The “devil is in the details” of the proposal, such as:
– While in the US investors have been asking for a separate report from the auditors providing information the auditors know, the EC would require such a report but prohibit it from being made available to investors.
– The EC proposal discusses the “client” of the auditor being the company, rather than investors.
– The EC would require substantial expansion of the audit report, in what appears to be a very positive development, including requiring the auditor to set forth how they assessed materiality. The PCAOB has also taken up this topic, but not yet issued a proposal.
– The EC would require auditors to disclose financial information. But that information is very, very limited such as to revenues, which the firms already disclose. It does not require disclosure of basic financial information necessary for any regulator to assess the financial stability, liquidity, viability or performance of the firms they are charged with regulating. In 2008, The U.S. Treasury Committee made a recommendation with respect to increasing transparency of the audit firms, which the PCAOB has yet to act on.
– While mandatory rotation is proposed every 6 years, there are mechanisms put in place to extend this out for up to 12 years. The PCAOB has previously taken up this topic in the US and issued a concept release, but has not yet issued a proposal.
– The EC proposes that non-CPA’s be allowed to own audit firms. This is a change the large audit firms have been requesting for over a decade, as a way to monetize their stock and let the older partners reap the benefit. This is a very dangerous proposal as it would allow for outside investors, or allow the firm to go public, putting the profit motive far ahead of the public interest obligation, and likely resulting in significantly lower audit quality. This idea has been debated and rejected here in the US. It also raises very serious independence issues, for example, when a private equity or hedge fund invests in a CPA audit firm, would the audit firm be able to audit other companies the investment firm holds? If so, could investors ever believe the audit firm would ever bring to light a problem in the company, such as an Olympus, if it would have negative consequences for the investment fund?
Ultimately, the real problem is the fact the company being audited still pays the bill. That is not changing under the EC proposal and will remain as the real problem, just as it is for credit rating companies. Until that problem is directly addressed it is likely audits will remain problematic, although some of the proposals may be beneficial.

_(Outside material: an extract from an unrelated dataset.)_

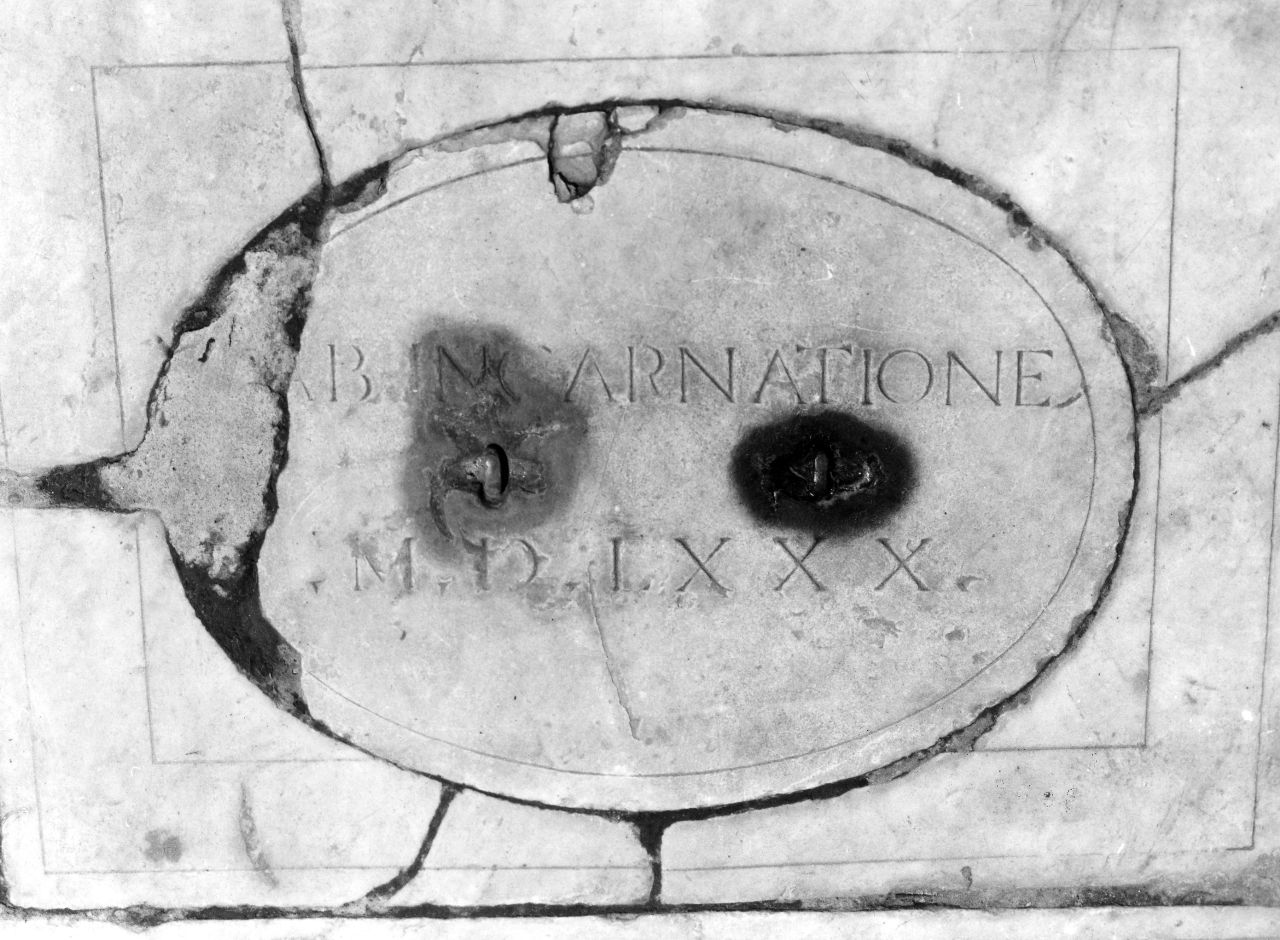 lastra tombale - bottega toscana (sec. XVI)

EU Proposes Disclosure Requirements for Payments to Governments for Natural Resources Development
It’s not only Sarbanes-Oxley that is being somewhat cloned in Europe. As this memo summarizes, the EU recently issued two proposals to amend the European Union Transparency Directive that together contain new requirements for the disclosure of payments to governments by certain companies engaged in natural resource extraction or logging. This is a big deal for companies in the extractive industry with operations in the EU a la Dodd-Frank.
In the “Dodd-Frank Blog,” Jill Radloff of Leonard Street & Deinard provides an update on the OECD Conflict Minerals Project, including this new OECD report that establishes a baseline of current due-diligence practices of downstream companies.